Ilustração: Erin Dwia/C40 |
O Brasil tem metas para a inflação desde 1999. Acabamos de lançar metas para o resultado primário das contas públicas. Por que não teríamos, também, metas sociais? Por que só metas monetárias e fiscais? Eis a pergunta que não quer calar.
Se dependesse do mercado financeiro e dos economistas da mídia corporativa, os objetivos sociais, aceitos retoricamente como “importantes”, “relevantes”, “essenciais”, seriam estabelecidos de forma bem genérica, flexível e vaga. Em contraste com os monetários e fiscais, especificados com cuidado, detalhes e rigor, especialmente os fiscais. Na ausência dessas especificações, não haverá confiança na política econômica, asseguram os economistas ortodoxos, com ampla ressonância midiática. Já os objetivos sociais, vistos na prática como menos relevantes, podem ficar na esfera do meramente vago.
Preciso fazer uma ressalva antes de prosseguir. Longe de mim considerar irrelevantes as sagradas metas fiscais e monetária. Pelo amor de Deus! (Estou até me benzendo aqui.) Gostaria apenas de sugerir que metas sociais talvez sejam importantes também.

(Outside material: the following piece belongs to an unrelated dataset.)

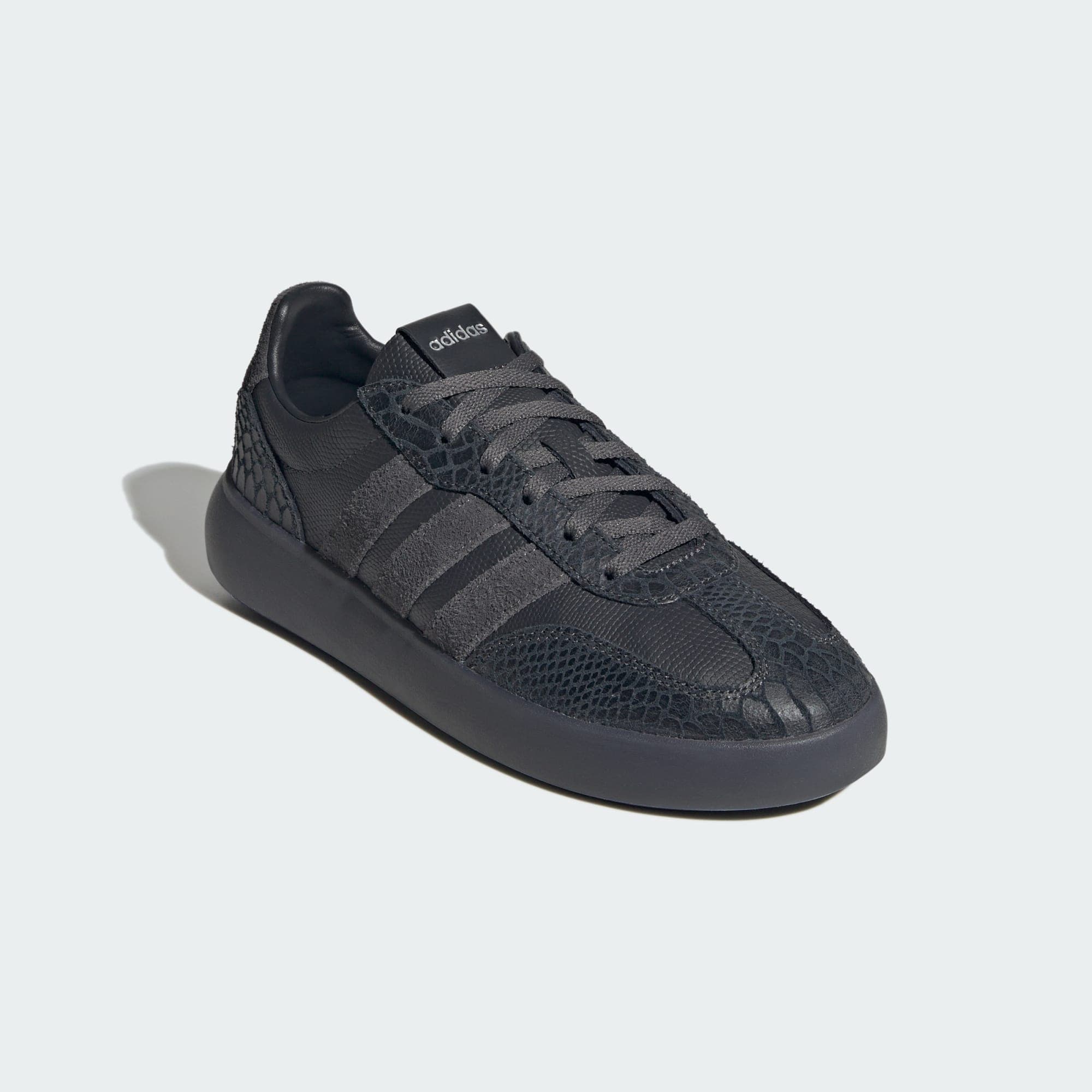 Adidas, Adidas Barreda Decode Skor, Detail 1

O pouco caso com questões sociais é típico dos brasileiros privilegiados, tacanhos em visão e aguerridos na defesa dos seus interesses imediatos. O povo que se vire, que se contente com as sobras do banquete. Enquanto os pobres padecem, a pequena minoria continua vivendo tranquila no paraíso dos rentistas em que se converteu o Brasil – único país, repito, que oferece aos aquinhoados a possibilidade de aplicar as suas gordas poupanças em títulos líquidos, sem risco e com alta remuneração real. Paraíso dos rentistas e, também, paraíso fiscal de todos os super-ricos, que têm carga tributária superleve, e ainda assim reclamam, indignados, quando se tenta fazê-los pagar um pouco de impostos. Um nojo, em suma.

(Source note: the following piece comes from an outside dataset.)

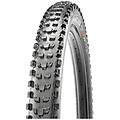 copertone dissector 27 5x2 40 wt 3c exo tr maxxterra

Pequeno distúrbio, porém. Desde janeiro de 2023, o Brasil tem um governo declaradamente reformista, comprometido, tudo indica, com a distribuição da renda e o combate à fome e à miséria. Uma serpente no paraíso dos rentistas e super-ricos. Rosnando volta e meia, a Faria Lima observa com inquietação os movimentos de mudança esboçados por Brasília. Opera na mídia, por um lado, e nos bastidores do Executivo e do Congresso, por outro, para obstruir tentativas de fazer um pouco de justiça social. Vozes autorizadas protestam contra os “ruídos” do Presidente da República, que estaria supostamente atrapalhando a condução da política econômica. Foi eleito pelo voto direto, sem dúvida, mas deve ficar reduzido à condição de um inofensivo e decorativo Rei da Inglaterra.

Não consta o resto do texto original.